The release of Nemotron 3 Super this week is the model that makes that vision practical for a business. Here is why it matters.
Nemotron 3 Super is a 120 billion parameter model. In plain terms, it has a massive amount of built-in knowledge. But it uses a "Latent Mixture of Experts" architecture. Think of it like a company with 120 specialists on staff. For any given task, the system only activates the 12 specialists who are relevant.
The result is a model that is roughly 3x faster than traditional models of this size. It is smart enough to handle complex reasoning but efficient enough to run on much smaller hardware.
The Shift from Engine to Harness: Kari Briski, NVIDIA's VP of Generative AI Software, made a point at GTC 2026 that I think every business owner needs to hear. She said we have moved past the phase of judging an AI model in isolation.
The real question now is how the "harness" around the model performs.
The model is just the engine. The harness is the system that manages memory, routes tasks between different tools, and maintains context over long interactions. If you have an engine but no steering wheel or brakes, you do not have a car. You have a hazard.
For a business, the "harness" is what makes AI reliable. It is the difference between a chatbot that gives you a generic answer and an agent that can actually monitor your business data and take action when something looks wrong.
The Reality of Agents Briski shared a story at GTC that illustrates this perfectly. An NVIDIA developer connected an OpenClaw agent to his home sensors. While he was away, the system noticed his water usage was climbing. It flagged a possible leak, asked if it should contact a plumber, drafted the email, and sent it after receiving approval.
That is not a "chatbot" interaction. It is an autonomous workflow.
The Strategic Takeaway There are two signals here that I think land differently than the usual AI hype:
Open models are winning the production race. NVIDIA reported that token generation from open models has grown 35x over the past year. When businesses move from "testing" to "production," they want models they can control and run privately.
AI is becoming the new operating system. Jensen Huang, NVIDIA’s CEO, argued that we are no longer just "using" AI tools. We are building AI factories. You are managing memory, file systems, and tool access.
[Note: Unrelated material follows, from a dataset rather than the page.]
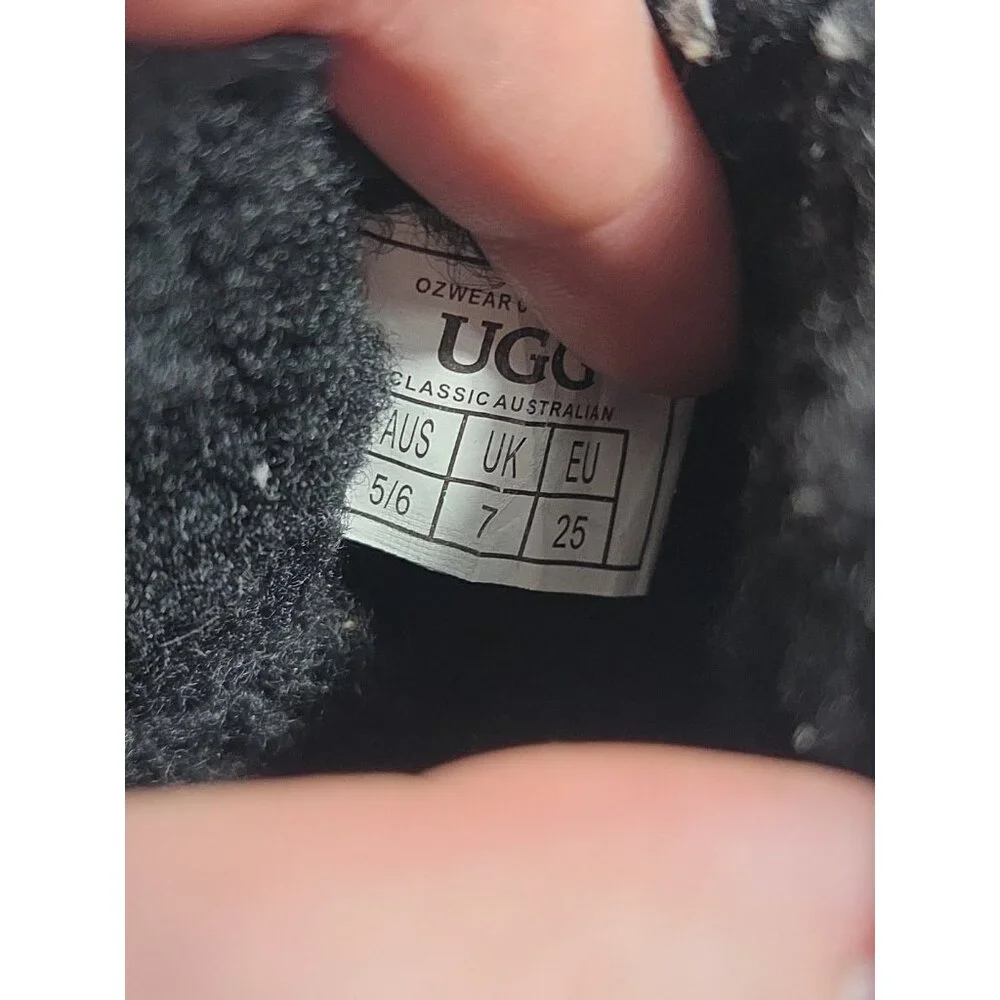 Ozwear Ugg Girls Zip Donkey Boots Gold Black Fuzzy Boots, Toddlers Sz 5 / 6 - Picture 7 of 8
The businesses that start thinking about AI as infrastructure they build on, rather than a tab they occasionally visit, are the ones that will pull ahead.
The barrier to running a private, capable AI system is lower than it has ever been. You do not need a data center. You just need the right harness.
That is it for this week. If anything in this edition sparked a question or an idea, I would love to hear it. Hit reply and let me know.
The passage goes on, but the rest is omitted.